De rechtbank heeft in haar beoordeling vastgesteld dat, hoewel de communicatie naar verzoeker niet altijd even zorgvuldig is geweest, er geen aanwijzingen zijn voor subjectieve of objectieve partijdigheid van de rechter. De rechtbank benadrukt dat een rechter uit hoofde van zijn aanstelling moet worden vermoed onpartijdig te zijn, tenzij er uitzonderlijke omstandigheden zijn die dit vermoeden ondermijnen. De wrakingskamer heeft de procesdossiers bestudeerd en geconcludeerd dat er geen reden is om aan te nemen dat verzoeker niet de gelegenheid heeft gehad om adequaat het woord te voeren tijdens de comparitie.
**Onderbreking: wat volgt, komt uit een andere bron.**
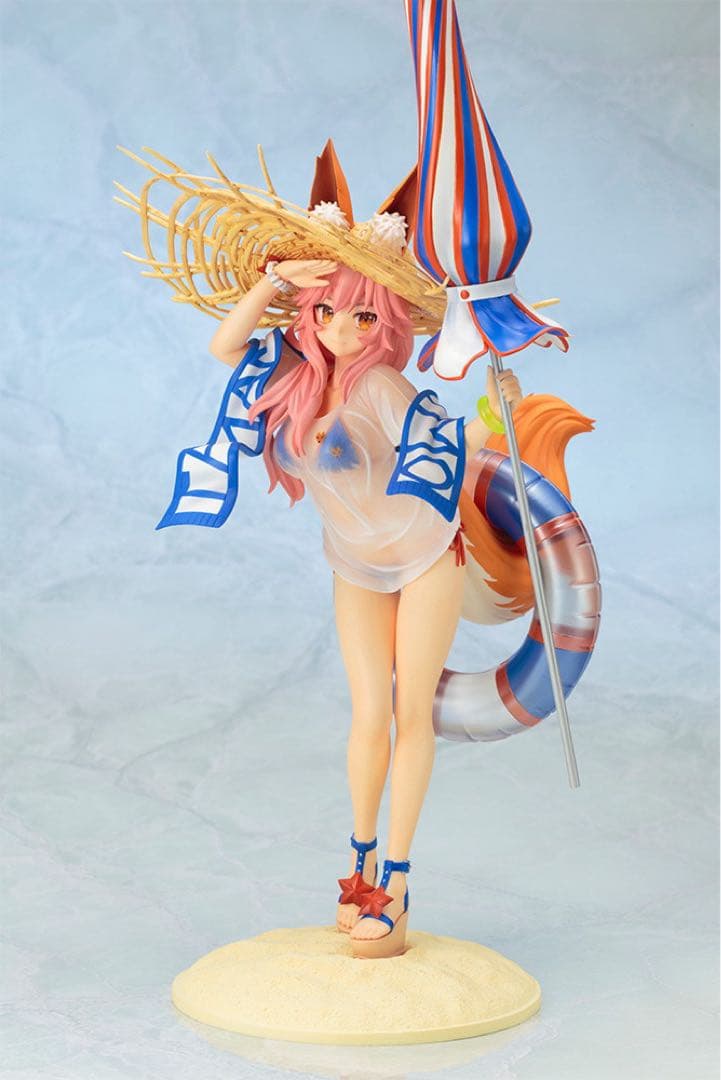 コトブキヤ FGO ランサー 玉藻の前 1/7 フィギュア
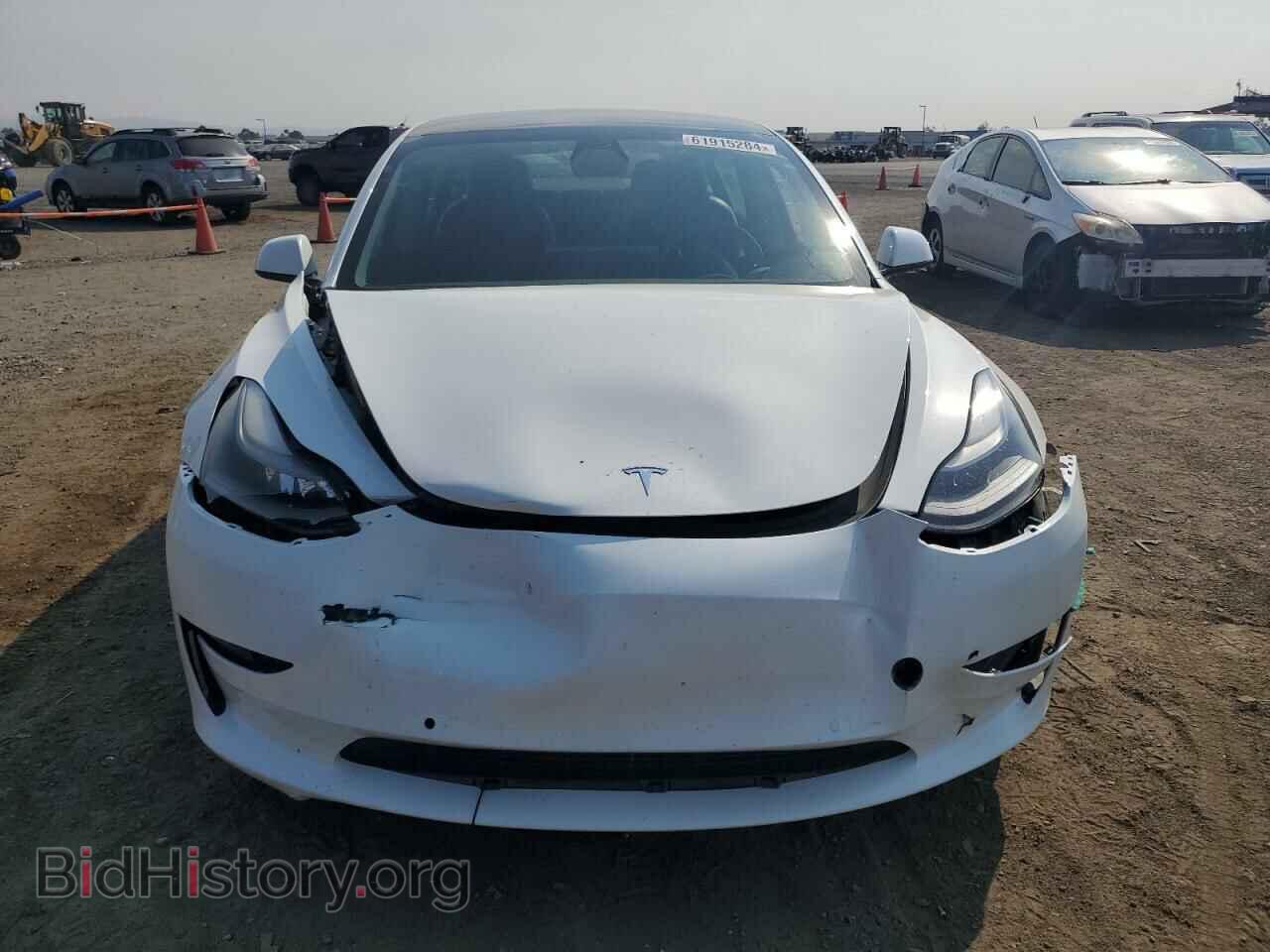 2021 TESLA MODEL 3 - VIN: 5YJ3E1EA2MF021140 - Photo 5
De rechtbank heeft verder vastgesteld dat verzoeker niet het recht heeft om op willekeurige momenten processtukken in te dienen of steeds opnieuw te reageren op stukken van de wederpartij. De uitwisseling van processtukken moet op een gegeven moment eindigen, en er is geen reden om te veronderstellen dat de rechter feiten die door een partij zijn aangevoerd zonder dat de andere partij daarop heeft kunnen reageren als vaststaand zal aannemen. De wrakingsverzoeken zijn uiteindelijk ongegrond verklaard, en de rechtbank heeft de verzoeken tot wraking van mr. [naam rechter] afgewezen.